- Supreme Court of the United States

Argued January 7–8, 1913 Decided February 24, 1913
- Full case name: Effie Hoke and Basile Economides, Plaintiffs in Error, v. United States
- Citations: 227 U.S. 308 (more) 33 S. Ct. 281; 57 L. Ed. 523; 1913 U.S. LEXIS 2301

Holding
- Congress cannot regulate prostitution per se, which is strictly the province of the states, but it can regulate interstate travel for the purposes of prostitution or other "immoral purposes."

Court membership
- Chief Justice Edward D. White Associate Justices Joseph McKenna · Oliver W. Holmes Jr. William R. Day · Horace H. Lurton Charles E. Hughes · Willis Van Devanter Joseph R. Lamar · Mahlon Pitney

Case opinion
- Majority: McKenna, joined by unanimous

Laws applied
- U.S. Const. art. I, sec. 8, cl. 3

= Hoke v. United States =

Hoke v. United States, 227 U.S. 308 (1913), was a decision by the United States Supreme Court that held that the United States Congress could not regulate prostitution per se, which was strictly the province of the states. Congress could, however, regulate interstate travel for purposes of coercing prostitution or other "immoral purposes."

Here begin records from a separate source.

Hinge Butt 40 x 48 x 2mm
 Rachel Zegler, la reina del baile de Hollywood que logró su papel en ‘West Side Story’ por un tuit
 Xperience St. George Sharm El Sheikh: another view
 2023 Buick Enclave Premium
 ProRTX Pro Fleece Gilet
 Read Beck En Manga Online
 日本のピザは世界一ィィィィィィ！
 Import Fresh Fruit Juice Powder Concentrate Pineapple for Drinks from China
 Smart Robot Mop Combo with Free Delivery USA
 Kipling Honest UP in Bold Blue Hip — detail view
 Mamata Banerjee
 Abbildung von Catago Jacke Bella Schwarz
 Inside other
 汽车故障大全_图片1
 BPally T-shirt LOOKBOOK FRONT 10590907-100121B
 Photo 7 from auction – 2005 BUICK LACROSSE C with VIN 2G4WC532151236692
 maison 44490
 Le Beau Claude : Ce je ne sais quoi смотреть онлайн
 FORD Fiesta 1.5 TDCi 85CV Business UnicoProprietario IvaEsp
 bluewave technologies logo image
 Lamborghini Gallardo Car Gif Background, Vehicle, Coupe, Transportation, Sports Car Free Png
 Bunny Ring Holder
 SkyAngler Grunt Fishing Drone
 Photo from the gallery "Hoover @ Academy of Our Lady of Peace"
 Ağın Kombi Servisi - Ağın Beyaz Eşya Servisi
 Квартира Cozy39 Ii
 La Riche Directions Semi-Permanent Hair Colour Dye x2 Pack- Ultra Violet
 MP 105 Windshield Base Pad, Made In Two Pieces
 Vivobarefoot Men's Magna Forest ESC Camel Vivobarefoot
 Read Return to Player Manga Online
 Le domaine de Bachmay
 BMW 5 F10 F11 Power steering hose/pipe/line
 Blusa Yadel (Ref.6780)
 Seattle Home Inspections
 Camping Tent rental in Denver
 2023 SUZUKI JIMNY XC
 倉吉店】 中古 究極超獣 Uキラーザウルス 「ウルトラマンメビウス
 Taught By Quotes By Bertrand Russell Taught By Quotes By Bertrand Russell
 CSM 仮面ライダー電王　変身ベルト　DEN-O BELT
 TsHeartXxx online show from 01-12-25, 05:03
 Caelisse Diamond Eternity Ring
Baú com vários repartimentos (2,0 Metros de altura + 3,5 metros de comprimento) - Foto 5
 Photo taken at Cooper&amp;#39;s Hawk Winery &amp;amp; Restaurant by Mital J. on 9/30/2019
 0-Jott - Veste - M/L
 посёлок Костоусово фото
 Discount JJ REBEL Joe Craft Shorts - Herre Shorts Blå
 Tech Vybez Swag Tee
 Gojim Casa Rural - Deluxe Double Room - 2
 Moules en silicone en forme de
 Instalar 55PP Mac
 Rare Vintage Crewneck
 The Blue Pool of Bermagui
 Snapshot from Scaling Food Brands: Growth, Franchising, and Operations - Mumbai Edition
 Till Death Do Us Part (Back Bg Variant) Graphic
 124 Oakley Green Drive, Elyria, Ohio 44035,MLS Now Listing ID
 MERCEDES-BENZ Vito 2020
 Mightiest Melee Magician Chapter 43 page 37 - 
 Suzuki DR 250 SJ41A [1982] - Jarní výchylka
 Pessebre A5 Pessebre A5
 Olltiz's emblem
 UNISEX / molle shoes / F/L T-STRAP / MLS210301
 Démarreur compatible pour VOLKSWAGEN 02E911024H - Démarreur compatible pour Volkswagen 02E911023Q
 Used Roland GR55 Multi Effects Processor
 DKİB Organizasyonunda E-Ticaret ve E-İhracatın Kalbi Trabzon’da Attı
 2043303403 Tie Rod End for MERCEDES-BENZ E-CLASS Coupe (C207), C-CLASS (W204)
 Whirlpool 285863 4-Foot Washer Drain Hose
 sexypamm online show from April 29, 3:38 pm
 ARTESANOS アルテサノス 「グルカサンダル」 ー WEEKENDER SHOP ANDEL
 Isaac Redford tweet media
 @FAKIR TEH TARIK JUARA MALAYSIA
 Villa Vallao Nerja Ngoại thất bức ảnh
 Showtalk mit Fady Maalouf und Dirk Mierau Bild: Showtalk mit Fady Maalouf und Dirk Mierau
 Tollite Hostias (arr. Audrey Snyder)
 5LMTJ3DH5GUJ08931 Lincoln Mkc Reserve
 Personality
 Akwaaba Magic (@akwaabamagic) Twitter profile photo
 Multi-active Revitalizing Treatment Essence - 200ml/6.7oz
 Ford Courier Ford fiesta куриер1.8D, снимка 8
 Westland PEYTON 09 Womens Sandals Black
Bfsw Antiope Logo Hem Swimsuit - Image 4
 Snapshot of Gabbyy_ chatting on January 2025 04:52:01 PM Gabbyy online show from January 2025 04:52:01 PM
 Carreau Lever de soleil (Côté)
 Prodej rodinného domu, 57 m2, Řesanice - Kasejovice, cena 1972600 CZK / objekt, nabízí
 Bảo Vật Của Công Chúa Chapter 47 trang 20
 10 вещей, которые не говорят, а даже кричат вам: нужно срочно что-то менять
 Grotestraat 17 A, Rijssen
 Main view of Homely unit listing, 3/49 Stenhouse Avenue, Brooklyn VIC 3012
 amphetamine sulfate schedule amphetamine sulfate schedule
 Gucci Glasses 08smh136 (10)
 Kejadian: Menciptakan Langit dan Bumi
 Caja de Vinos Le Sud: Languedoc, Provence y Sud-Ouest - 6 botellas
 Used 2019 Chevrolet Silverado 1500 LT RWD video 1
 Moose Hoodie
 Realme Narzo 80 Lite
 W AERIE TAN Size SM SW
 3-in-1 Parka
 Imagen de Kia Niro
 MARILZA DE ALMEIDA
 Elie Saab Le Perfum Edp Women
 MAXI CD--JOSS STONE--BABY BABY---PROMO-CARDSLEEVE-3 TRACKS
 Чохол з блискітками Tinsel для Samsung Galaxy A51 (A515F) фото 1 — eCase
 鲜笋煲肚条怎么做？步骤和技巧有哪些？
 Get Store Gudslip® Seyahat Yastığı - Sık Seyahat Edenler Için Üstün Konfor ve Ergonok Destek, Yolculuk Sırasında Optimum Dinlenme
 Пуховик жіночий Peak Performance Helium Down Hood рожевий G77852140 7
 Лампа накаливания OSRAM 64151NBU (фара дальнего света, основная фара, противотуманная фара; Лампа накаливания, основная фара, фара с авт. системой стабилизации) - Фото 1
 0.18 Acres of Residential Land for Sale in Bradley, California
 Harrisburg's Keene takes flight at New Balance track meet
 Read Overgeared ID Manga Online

The case revolved around an offer to transport women from New Orleans to Beaumont, Texas for the purpose of prostitution. The Supreme Court upheld prosecution under the Mann Act with Justice Joseph McKenna emphasizing the right of Congress to protect against coercion in a space that states could not (e.g., in interstate commerce where neither state has jurisdiction).